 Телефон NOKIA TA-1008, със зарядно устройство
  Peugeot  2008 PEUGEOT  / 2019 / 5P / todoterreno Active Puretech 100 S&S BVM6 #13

---

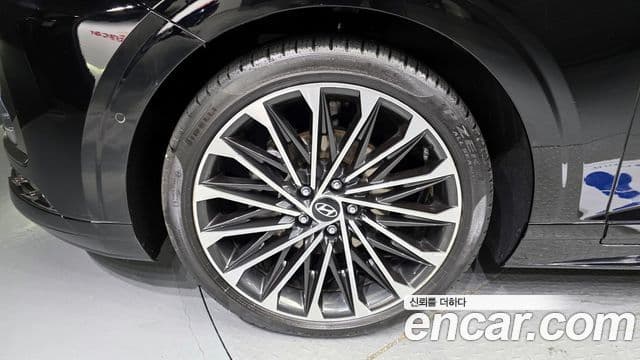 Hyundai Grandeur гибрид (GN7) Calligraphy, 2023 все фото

==

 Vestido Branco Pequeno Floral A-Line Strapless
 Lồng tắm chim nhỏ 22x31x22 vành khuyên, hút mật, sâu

What you need to do: Go to the line with "Телефон NOKIA TA-1008, със" in the entries above and repeat every line from there through the line with "S&S BVM6 #13", exactly and with no other text.

Answer section:
 Телефон NOKIA TA-1008, със зарядно устройство
  Peugeot  2008 PEUGEOT  / 2019 / 5P / todoterreno Active Puretech 100 S&S BVM6 #13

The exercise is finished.